Вместе с сознанием выключается и способность мыслить логически и отвлеченно. Образы, заполняющие сцену, приходят из кратковременной памяти, поставляющей обрывки впечатлений дня, и из долговременной памяти, извлекающей следы прошлого. Ассоциации, по которым сочетаются эти прежние и новые следы, не всегда логичны и почти всегда произвольны. Они основаны на том сходстве, которое предпочитают видеть в предметах поэты. А руководит выбором этих ассоциаций не только случайность, но и та внутренняя установка личности, которая настоятельно требует разрядки, требует свободного, не знающего никаких ограничений проявления. Странно было бы, если бы во всех этих условиях возникали не фантастические, а реалистические сюжеты.

Язык наших снов — это язык без грамматики. Грамматика — привилегия бодрствующего сознания. Мы мыслим во сне не просто образами, а образами-символами, в которых сконцентрированы наши стремления, и место, принадлежащее грамматике, насыщено напряженным эмоциональным содержанием глубоко личного характера. Многие исследователи сравнивают наше мышление во сне с дологическим эмоционально-образным мышлением наших далеких предков. Такое же мышление присуще и маленьким детям, великим охотникам не только слушать сказки, но и сочинять их самим себе, превращая угол комнаты в целый мир.
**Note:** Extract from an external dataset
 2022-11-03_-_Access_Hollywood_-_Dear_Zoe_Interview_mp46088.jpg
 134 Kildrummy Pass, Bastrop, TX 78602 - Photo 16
Не так уж давно, говорят исследователи, человечество стало взрослым и приобрело способность судить обо всем логично. Да и, по правде говоря, не так уж часто мы, думая о чем-нибудь, следуем формальной логике. Когда мы смотрим спектакль, всем сердцем отдаваясь тому, что происходит на сцене, и с трепетом ожидая развязки, разве не верим мы тогда в реальность самого невероятного, разве думаем о том, что все, что нам показывают, чистейший вымысел? В этот миг мы дети, и все драматурги и поэты, сочиняя свои пьесы и поэмы, и все художники, рисуя свои картины, а все композиторы, сочиняя свои симфонии, — все они немного дети, потому что ничего нельзя сочинить без детской веры в реальность творимого мира и по-детски настойчивого желания убедить нас, что мир этот существует на самом деле.

Конечно, искусство — не сон. Любая фантазия развивается в нем по логике идейного замысла, развития характеров, в единстве не только с душою художника, но и с тем реальным миром, к которому обращено его творение, делами и заботами которого он полон сам. Художник ищет и способ освободиться от того, что переполняет его, ищет своего рода разрядки, очищения. Об искусстве как об освобождении говорили Гете, Хемингуэй и многие другие. Нет, искусство не сон и сон не искусство, не творчество, но есть в творчестве и в снах общие черты, питаемые общим источником — памятью, есть общий язык, общие способы связей. Недаром творят во сне поэты и ученые, и недаром так много снов в литературе — сны Пьера и князя Андрея, Николеньки и Пети, Татьяны и Гринева. Четыре сна видит Вера Павловна и четыре сна Анна Каренина — ярчайшие сны, в которых сосредоточиваются главные мысли писателей.